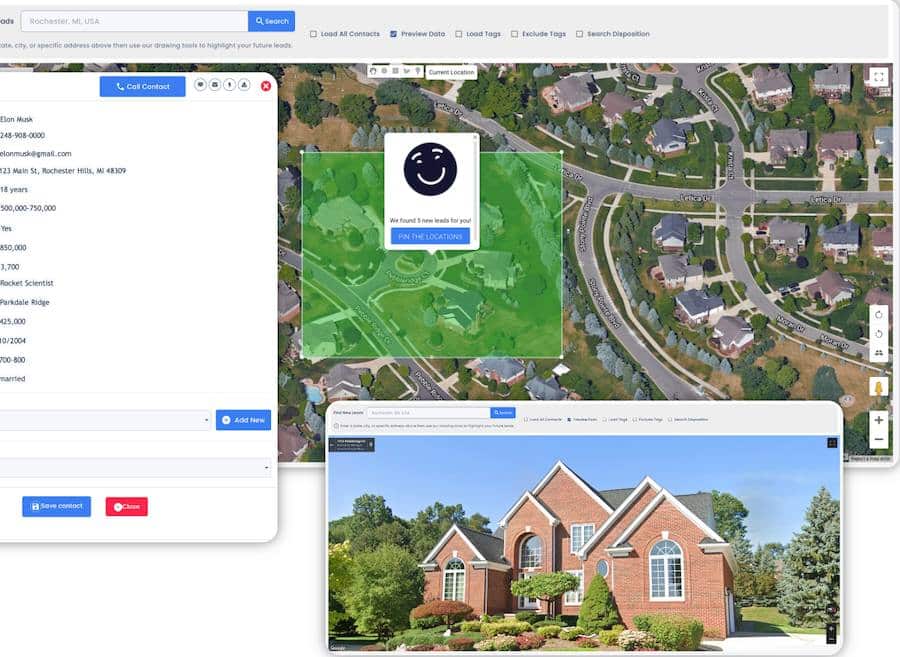 SalesPype's geographic farming tool using a satellite map to pinpoint ideal clients within a geographic region and displaying top data points.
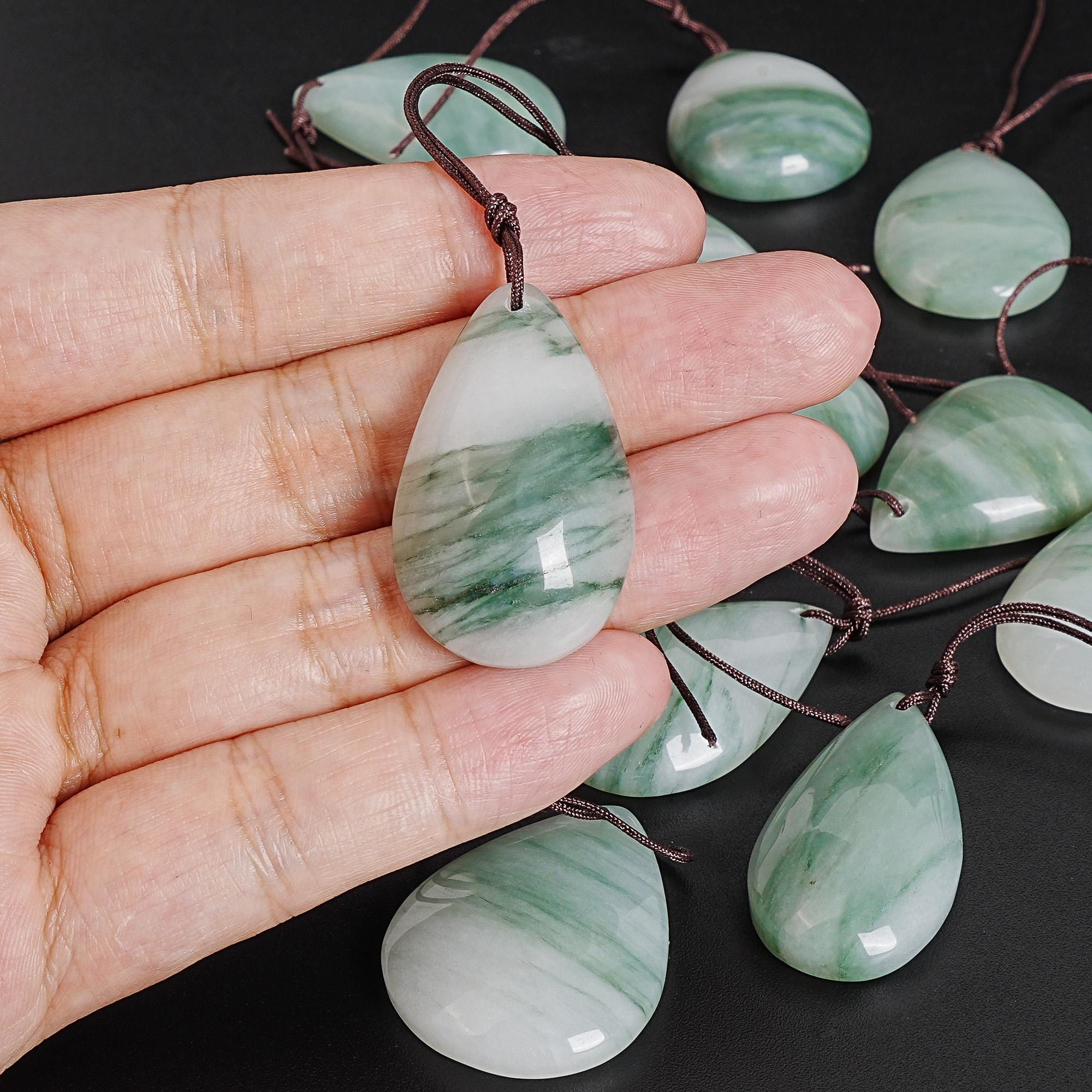 Green & White Veined Jade Teardrop Pendant Aaa Natural One Of A Kind Gemstone Green & White Veined Jade Teardrop Pendant Aaa Natural One Of A Kind Gemstone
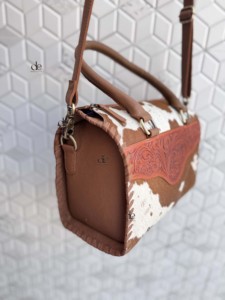 Fashionable Hair-On Hide Cowhide Leather Speedy <b>Bag</b> Hand Tooled Leather Floral Carving Western <b>Shoulder</b> Purse For Women Use - Product Image 2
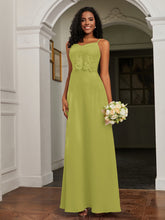 Lace Appliqued Backless Chiffon A-Line Dress Clover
-.-.-
→ YOUR OBJECTIVE:
Begin at the first line of the material and copy each line exactly through the one containing "Kind Gemstone Green". Omit pictures.

→ YOUR RESPONSE:
 SalesPype's geographic farming tool using a satellite map to pinpoint ideal clients within a geographic region and displaying top data points.
 Green & White Veined Jade Teardrop Pendant Aaa Natural One Of A Kind Gemstone Green & White Veined Jade Teardrop Pendant Aaa Natural One Of A Kind Gemstone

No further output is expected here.